Crawl peer and database peer are useful components for splitting crawling tasks. I have a few questions about them:
1.) See what the limitations of crawling on a single machine are - they are positives/negatives in all things in life, and of course, in cross-process/machine communication there are positives/negatives as well. Set a time limit for the crawl. Use one crawl process, say, 20 threads. What is the WebPage count?
2.) Next, try 5 machines, 4 threads each. Set a time limit for the crawl. What is the WebPage count?
3.) Next, try 5 machines, 4 threads each, but use distinct/separate databases. Set a time limit for the crawl. What is the WebPage count?

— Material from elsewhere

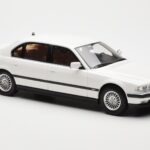BMW 750iL E38 Asia Exclusive Бял Otto 1:18 - image 4 of 6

4.) Realize there are two mindsets in crawling, crawling and information retrieval: First stage, crawling, which generates a nice list of links, second, information retrieval, for which you don't need to worry about Discoveries or cross-process/machine communication. As a point, envision what it would take for Google (when crawling) to inform every other machine involved in the crawling. Google doesn't operate like this - they have a set of machines used for discovering new links and a set of machines used for revisiting - there is little (no) need for machines crawling yahoo.com to let the machines crawling arachnode.net know of yahoo.com's progress. So, this conveyed - look at EngineActions - if you have one set of machines dedicated to Crawling, then you'll probably want to enable cross-process/machine communication - for the 'information retrieval'/re-crawl - point GetCrawlRequests(...); at a list (DB) of CrawlRequests, SERIALIZE, and delete before ending the transaction - you won't need to worry about cross-process/machine synchronization - you can actually turn off inserting Discoveries - ApplicationSettings.InsertDiscoveries - read Cache.cs, the whole thing.
5.) No two crawling scenarios are exactly alike - AN does its best to be a one-size-fits-all crawling engine but some thinking/planning does need to be applied to the application of AN's technology when multiple machines are employed.

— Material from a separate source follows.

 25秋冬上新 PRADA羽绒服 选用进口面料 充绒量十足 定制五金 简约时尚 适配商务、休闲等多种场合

I will follow up with more information, but please let me know your results...
For best service when you require assistance:
Thanks for the detailed explaination! I will try the single/multiple processes cases and let you know.

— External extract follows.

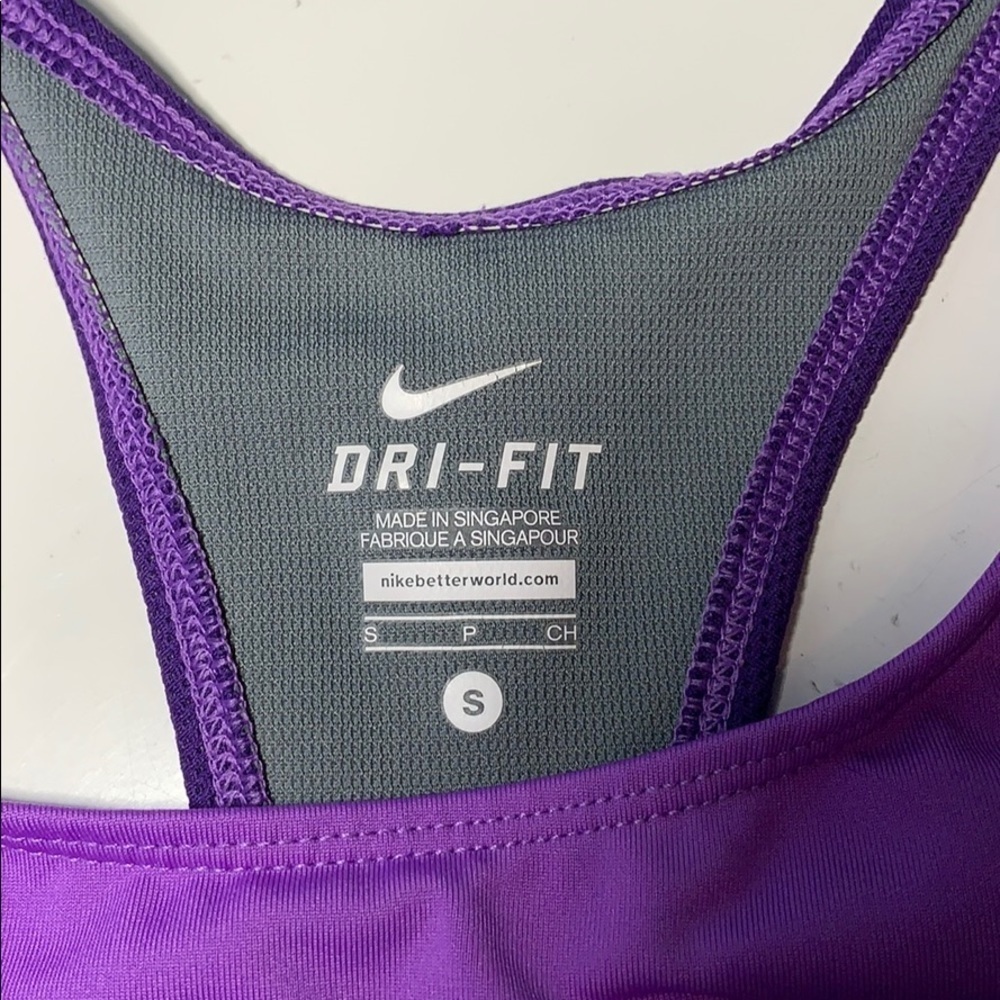 Nike sports bra - Picture 3 of 7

One more question: to increase the number of threads, should I just modify "MaximumNumberOfCrawlThreads" or I need to add corresponding "127.0.0.1"s to ProxyServers.txt?
I am writing up some instructions with screenshots using a virtual machine to simulate cross-machine caching.
Did you finish the documents for setting up on multiple machines. Is there any information I can have on setting up multiple machines.
I dug into the code (I use something a bit different for my scale-out crawl scenarios) and decided to polish up a few things...
I am working on checking in what I have - this new code addresses a LOT of conditions...
Look for something, tomorrow... (there are still a couple of bugs/conditions to solve...)
Just one more condition to solve, so it seems... perhaps tomorrow is the day.
Looking forward to the info. Thank you so much for all the hard work.
Did the documentation ever get finished?
Yes, and this code is available to the Commercial License.